I think you’re right, Tish. What a way you have describing that sound. I can hear it, but there’s no way I could put it into words. Thanks.
You’re welcome. I have a lot of African birds roosting in my brain 🙂
This sorting out to find a bit of treasure is something I’ve been doing too. Part of the process is facing the hard truth that certain projects just aren’t going to happen. For me this weekend I sorted through craft projects. Two bags to go to the op shop but a pile of stuff still on the work table. It’s a very slow process that involves a lot of hard questions and introspection.
Certainly is a priceless picture to me!
Thank you, Dries 🙂
Stunning! This photo could win a National Geographic competition. The story is a treasure as well.
You are such an appreciative reader, Jennie. Thank you.
Thank you, Tish.
It’s a magnificent photo. As for the rest perhaps there’s something there for you yet, or you’d simply throw it all away. Maybe it’s just not the right time to make use of all that reference material, but it’s still needed.
Alison
Thank you for those encouraging words, Alison. I have come to compromise with it, and given it a good prune. What I need to do is go through it systematically, and see what surfaces. It’s a notion anyway 🙂
Yes I understand. I have many notions about my photography – that remain just notions. Perhaps the time of fruition will come. Or not 🙂
The photograph IS priceless, especially since that place probably no longer looks anything like that. And it’s great that you got it up on the web where it will probably survive in cyber-space for eternity. It was a GOOD thing, right?
Yes, a good find indeed. I was wondering whether that view had changed, and was glad to find that it really hasn’t. In fact the Chyulu Hills seem to a National Park now. Can’t imagine anything lovelier than riding through them on horseback which seems to be on offer there now.
Beautiful. I find myself envious of your junk pile.
Fabulous photo. There doesn’t seem to be any completely satisfactory way to declutter. I try to declutter at least twice a year but I still feel as though I am drowning in stuff, particularly stuff which I may want sometime in the future. 😀
One never knows what is priceless, but I’m betting this photo brought back some wonderful memories. It did for me as well.
You are so right, Lulu. It did 🙂
A nice find. Funny the things we keep thinking one day we might do something with them. I am quite good at decluttering, have had to be given the number of times I have moved house, but still hold on to some things for purely sentimental reasons, including a load of postcards. One day I shall use them on the blog. But I’m not sure I can use the actual image for copyright reasons.
Quit beating yourself up for saving treasure. So rich. No one else has these pictures. I can relate to your urge to declutter but I’m such a Non deleter and you need your resources.

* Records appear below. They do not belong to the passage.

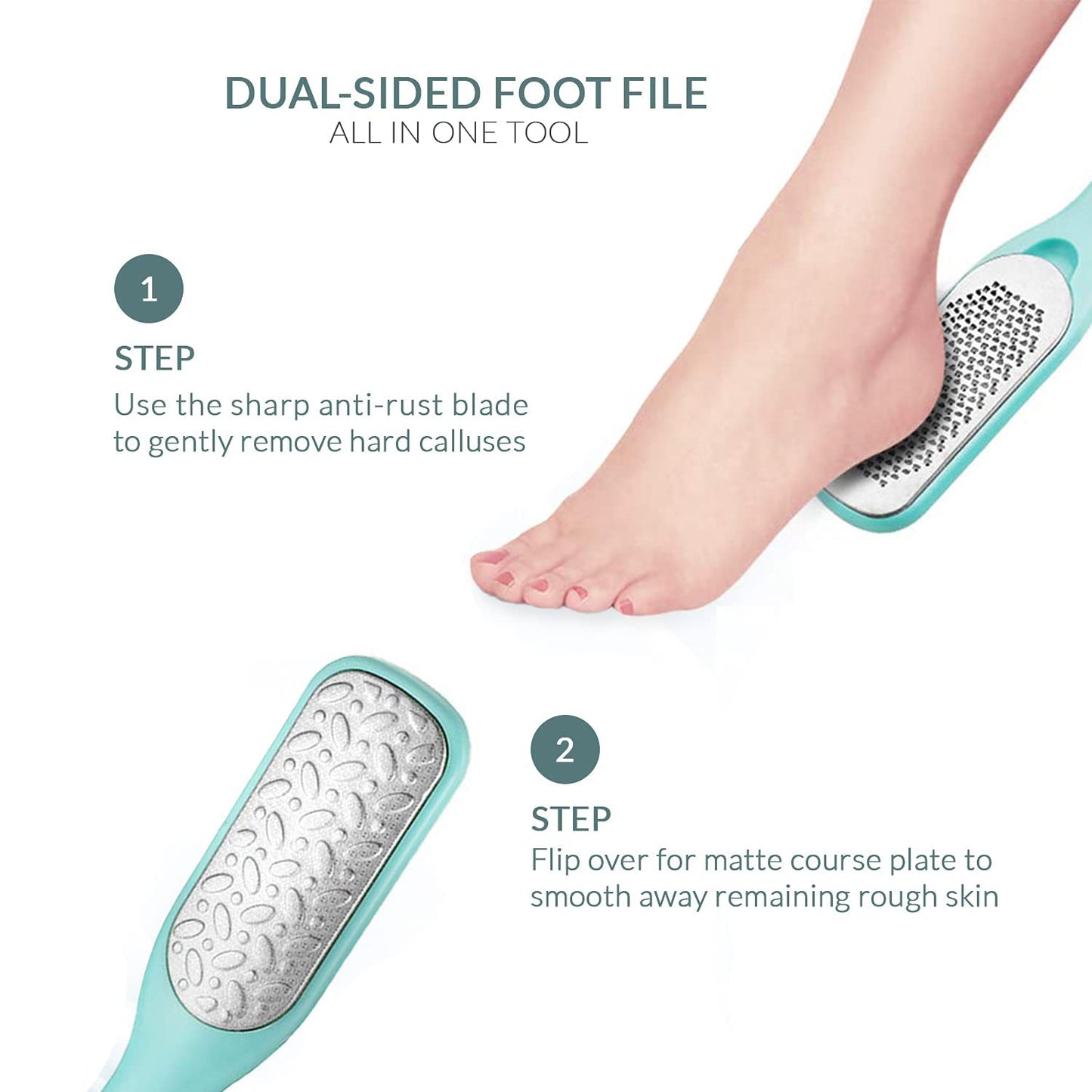 Relax Tony Callus & Dead Skin Remover - Dual-Sided - for Wet & Dry Exfoliation: Scrub, File & Rasp for Smooth Feet - Pedicure Tool - Foot File Callus Beauty & Personal Care Relax Tony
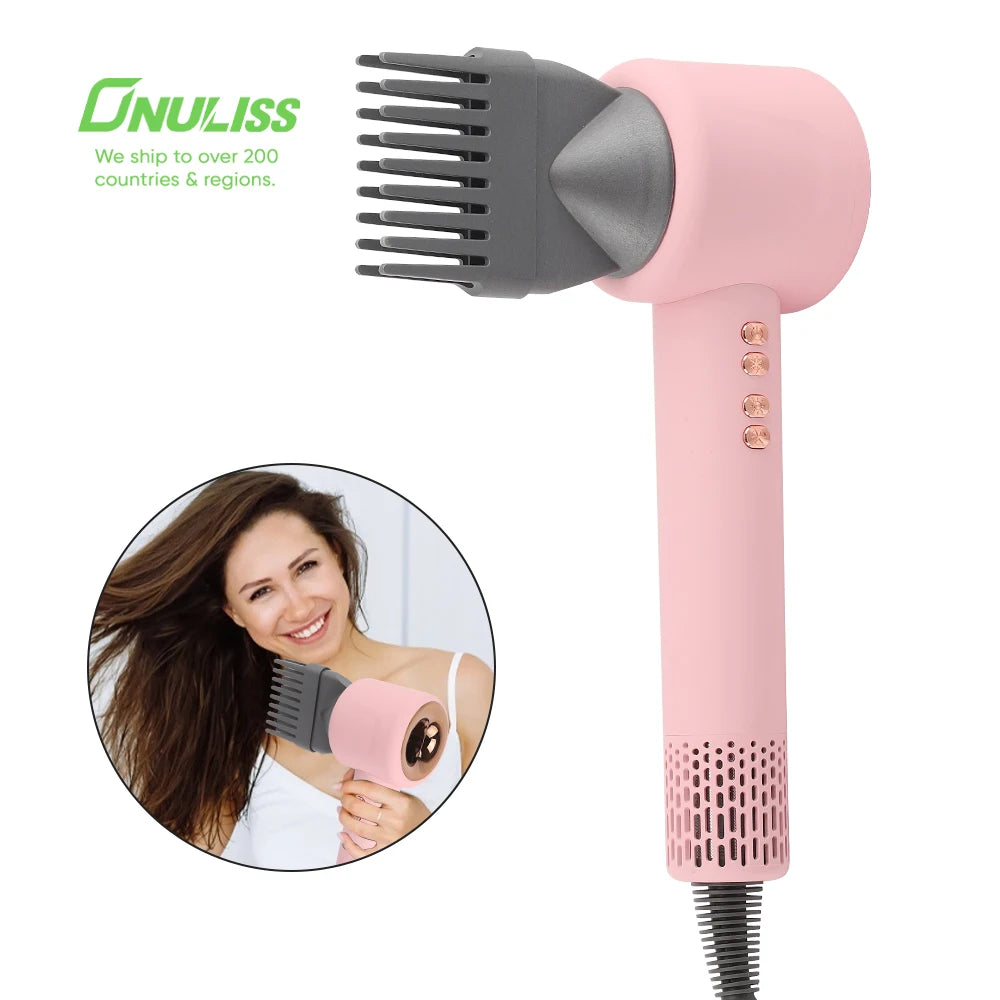 Sèche-cheveux sans balais double tension haute vitesse avec support, brosse lissante multifonction pour une utilisation en extérieur, sèche-cheveux OEM basse consommation.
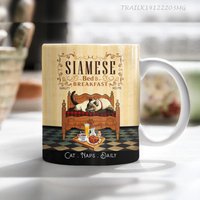 Retro Siamkatzen-Kaffeetasse, Siamkatzen-Teetasse, Katzenkaffeetasse, Mama-Becher, Papa-Becher, Benutzerdefinierte Katzen-Kaffeetasse, Katzen-Naps von DamianGoods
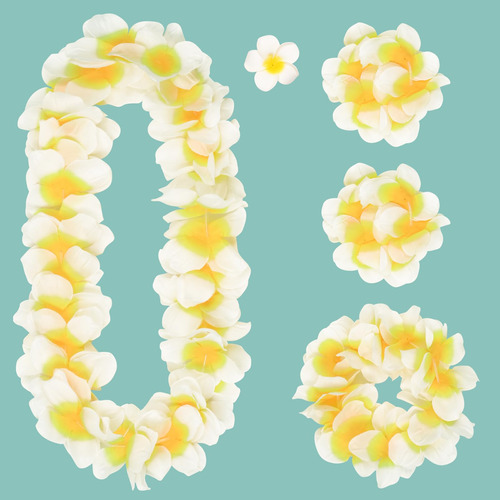 Juego 5 Pieza Leis Hawaiano Flor Para Fiesta Luau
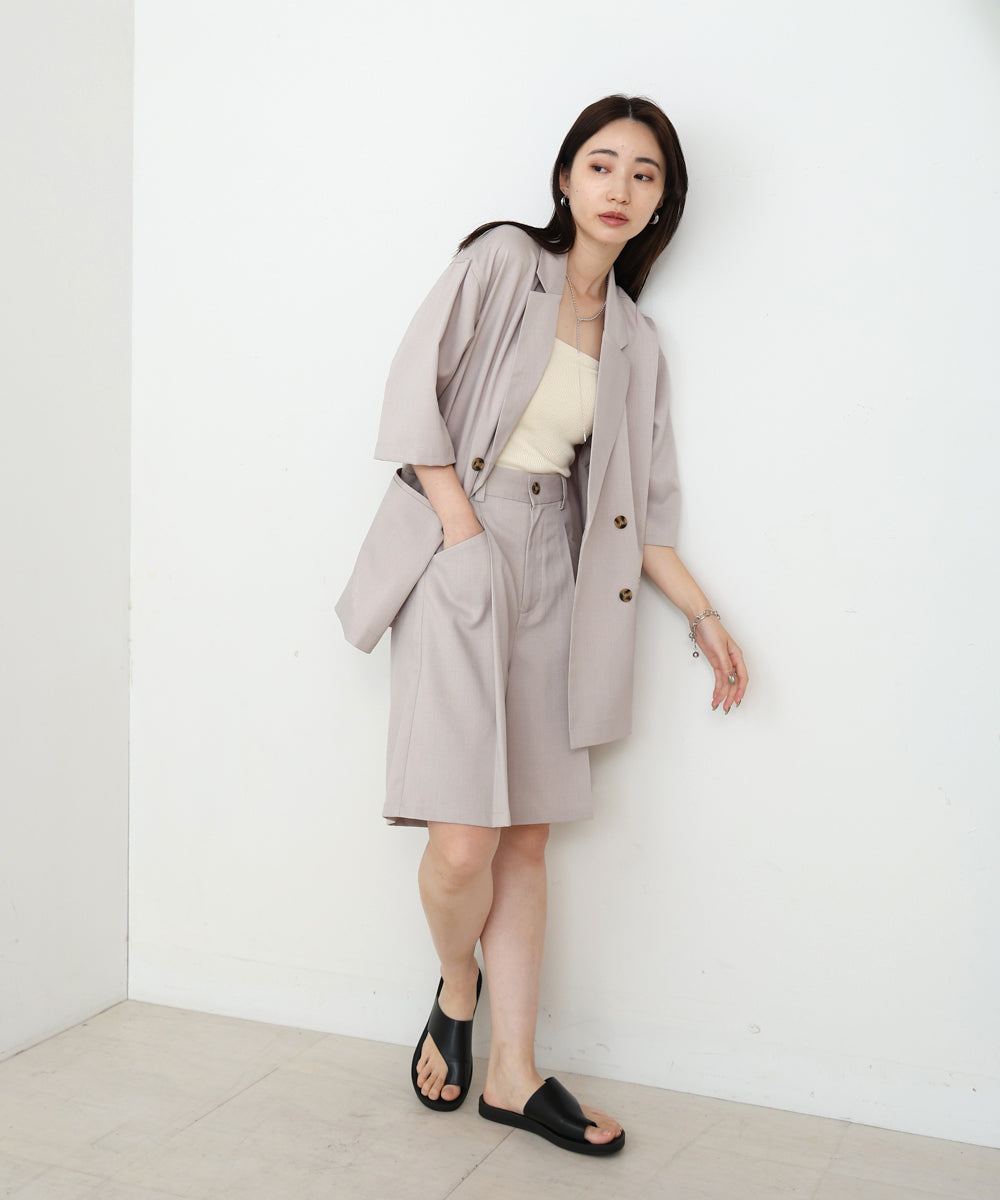 タックデザインハーフパンツ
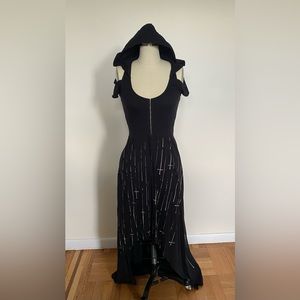 EUC Vintage Lip Service cold shoulder backless hooded hi-low dress Medium goth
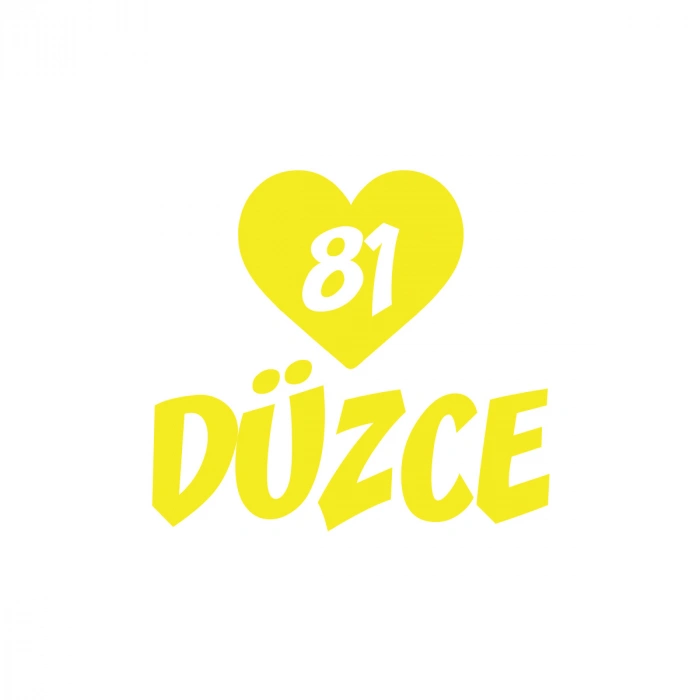 Kalpli 81 Düzce Araba Sticker 17x17 Cm Sarı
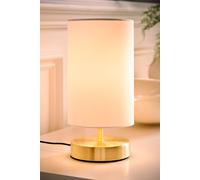 ValueLights | Brushed Gold Cylinder Touch Dimmer Table Lamp with White Fabric Shade Bedside Light Bedside Light | Table Lamps, Home Décor & Improvement Essential | Included LED Bulb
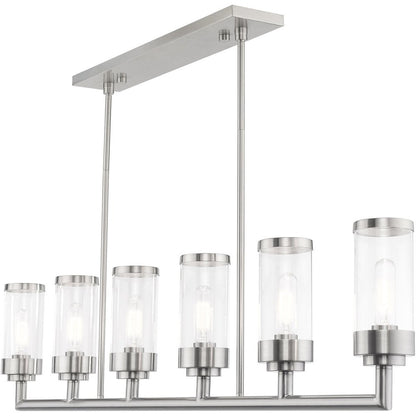 Six Light Dimmable Chandelier With Shades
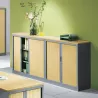 ARIV│Armoire rideau bicolore L 100-120 x H 105 cm│Décor bois/Acier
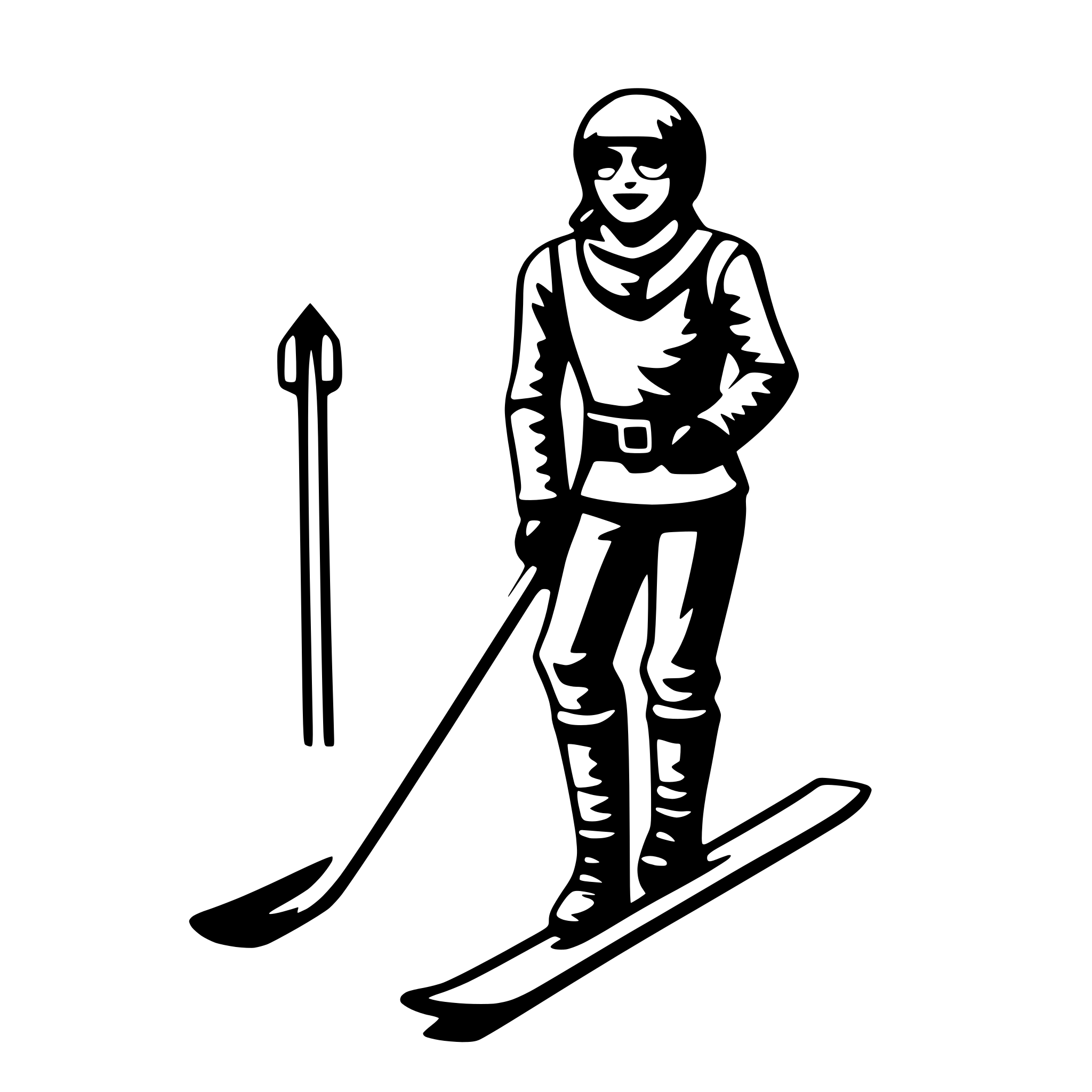 AI-generated SVG of a ski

Many thanks, Ruth for those heartening words 🙂
Elemental my dear Tish. I thought it might be Kilaguni? 🙂
Save the clippings. They are a testimony. And will start the fund for the Tish Farrell Library you will leave once you are gone. 🙂
This picture made me wonder whether the Africa us wazungu have come to cherish really exists? I odn’t think Africans (anywhere) have the same vision. Bu then it is probably true of other places: the France most foreigners see, is not the same country French people have in mind…
Enough rambling. And asante sana na picha. A very good shot. I’de never actually seen the hills in the background.
Kilaguni was the spot indeed, Brian. And you raised some thoughts that I often mull over. We wazungu did/do romance about Africa. I suppose to most traditional African communities land or cattle or both are both sacred in a deep sense AND sources of livelihood. It’s more about meaning than beauty observed. And many thanks for the advice about the archive. Rather than dispose of it, I perhaps need to read it 🙂
You’re totally right. About land and cattle. Wildlife is a nuisance. But then if you think traditional garb, Masai, and others, beauty and elegance are definitely sought. Just different perspectives. And, yes, do read the archives and partake some. Kwaheri sassa.